▸ **Task objective**
Take from the entries below the stretch from the line with "Custom No Minimum" through the line with "Royal Langnickel Essentials", and return it exactly, leaving the pictures out.

Short web captions:
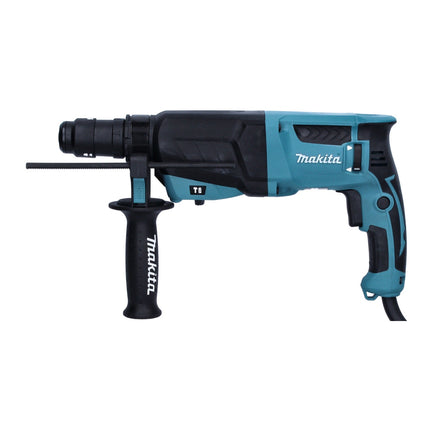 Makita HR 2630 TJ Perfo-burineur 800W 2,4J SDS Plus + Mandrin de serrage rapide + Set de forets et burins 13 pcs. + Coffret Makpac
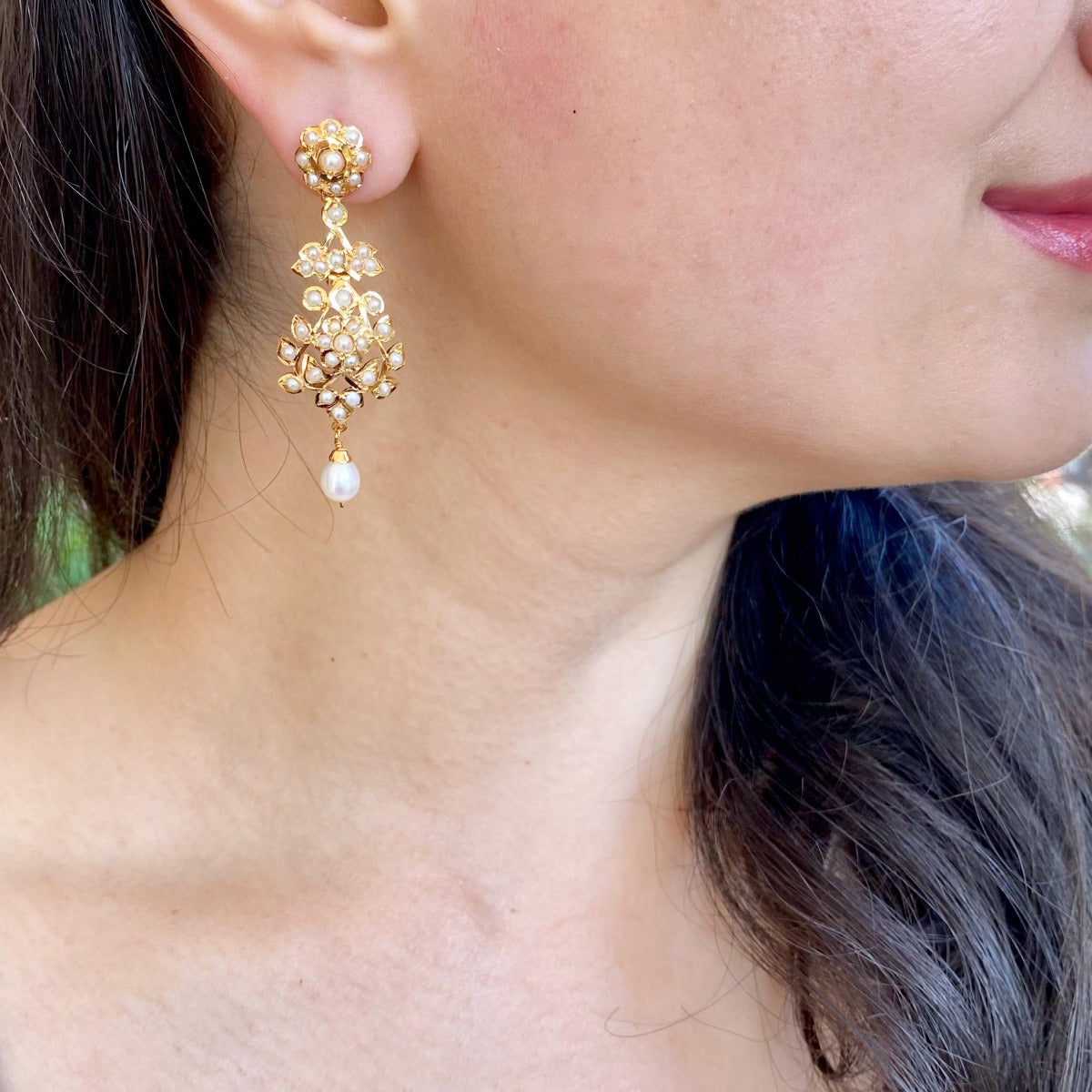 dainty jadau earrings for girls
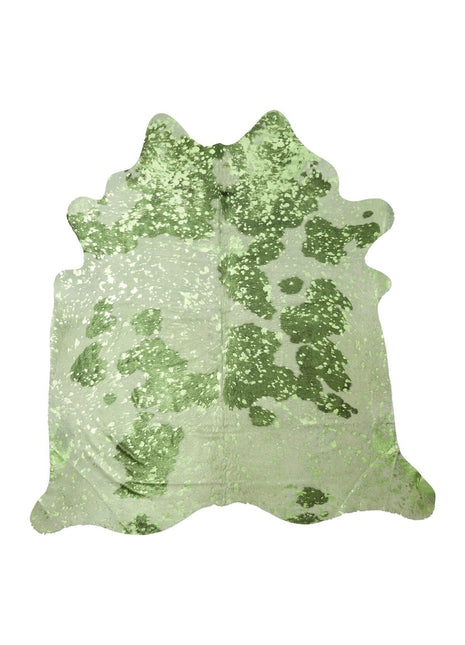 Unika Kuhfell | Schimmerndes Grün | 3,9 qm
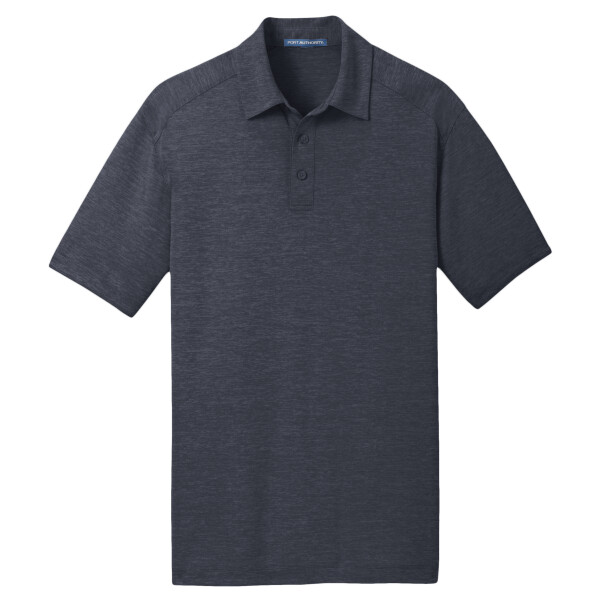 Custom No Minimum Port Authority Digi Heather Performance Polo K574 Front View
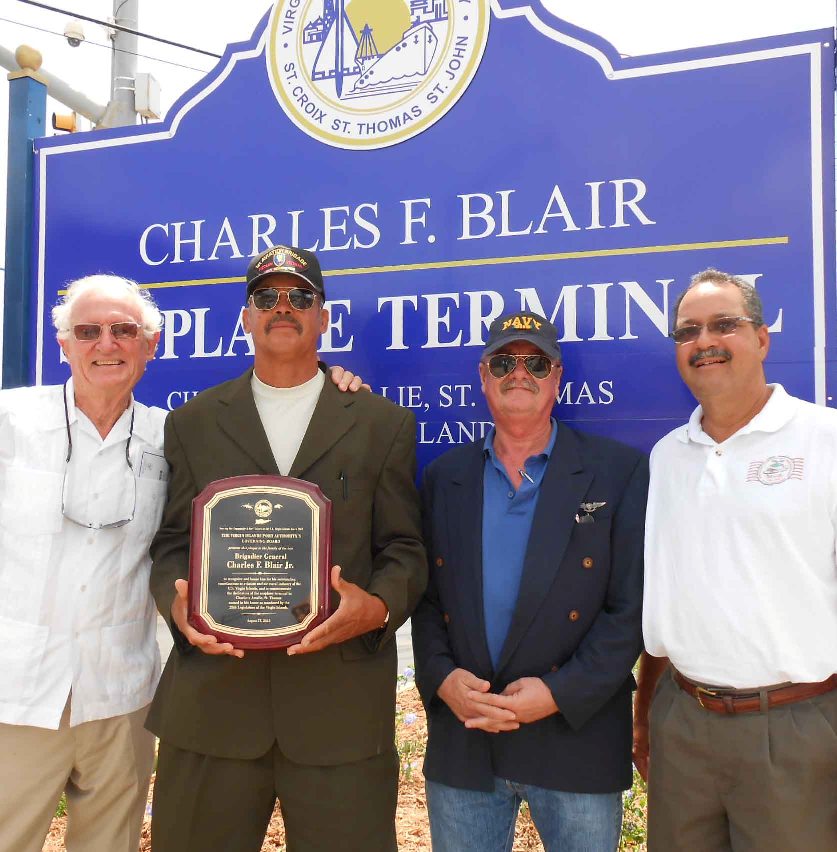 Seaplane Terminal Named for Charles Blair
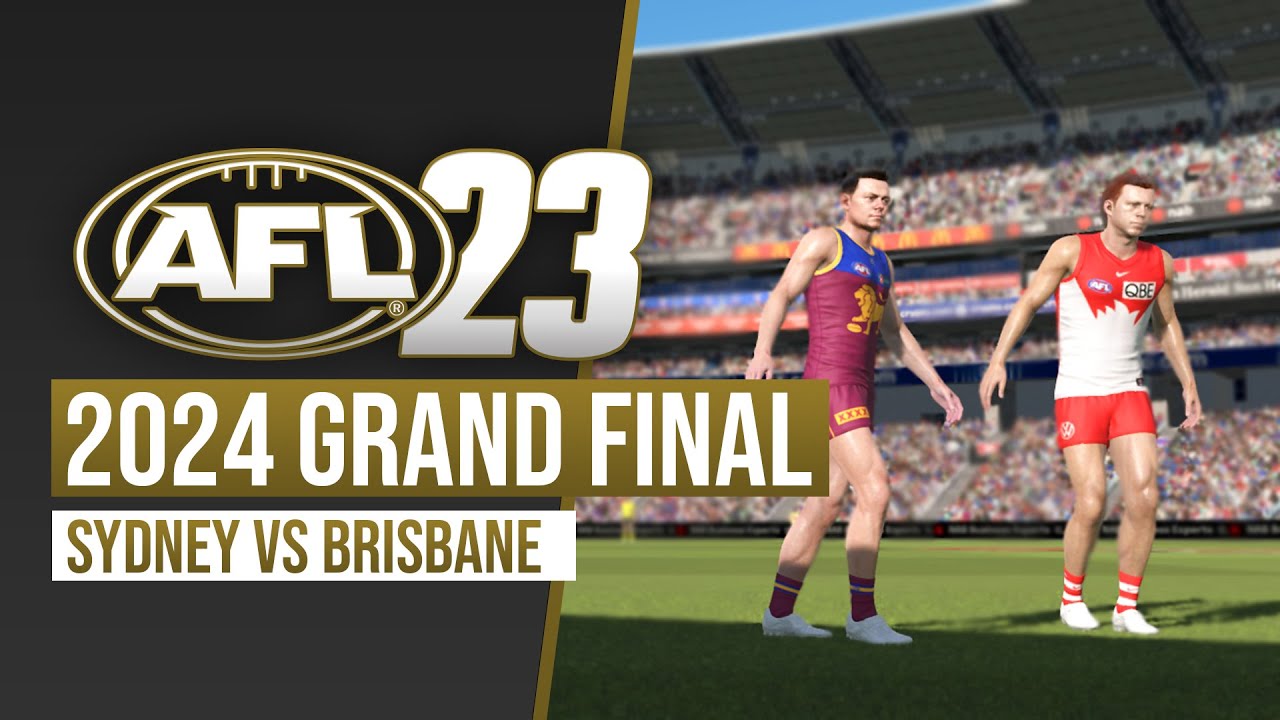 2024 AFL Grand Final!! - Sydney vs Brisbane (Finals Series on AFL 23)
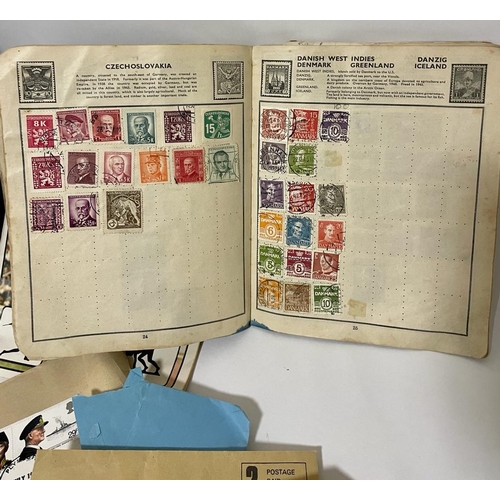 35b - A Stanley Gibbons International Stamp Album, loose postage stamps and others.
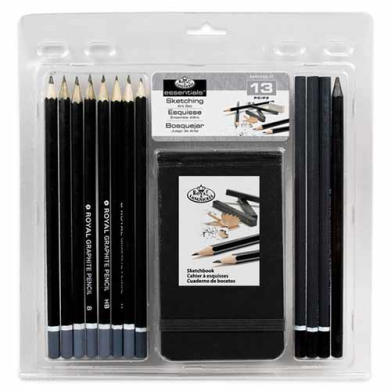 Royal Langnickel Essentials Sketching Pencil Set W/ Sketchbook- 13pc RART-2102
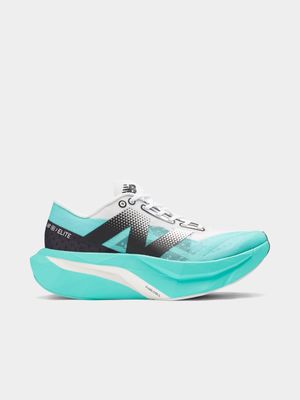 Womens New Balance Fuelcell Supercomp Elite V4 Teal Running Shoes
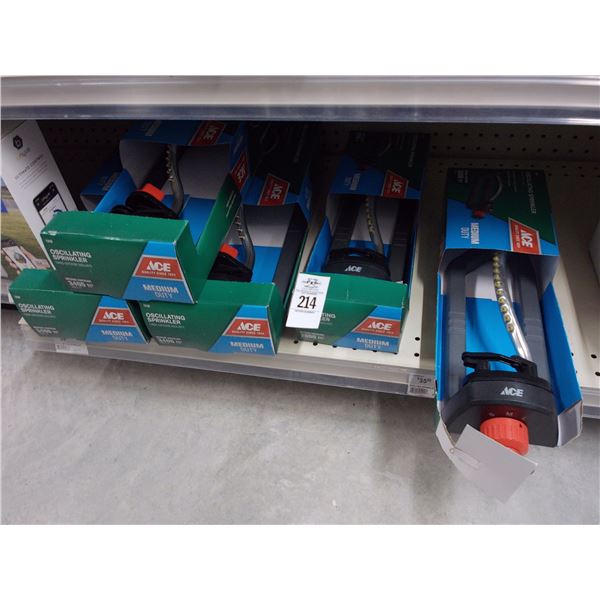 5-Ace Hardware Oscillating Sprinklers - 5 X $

▸ **Output of the exercise**
 Custom No Minimum Port Authority Digi Heather Performance Polo K574 Front View
 Seaplane Terminal Named for Charles Blair
 2024 AFL Grand Final!! - Sydney vs Brisbane (Finals Series on AFL 23)
 35b - A Stanley Gibbons International Stamp Album, loose postage stamps and others.
 Royal Langnickel Essentials Sketching Pencil Set W/ Sketchbook- 13pc RART-2102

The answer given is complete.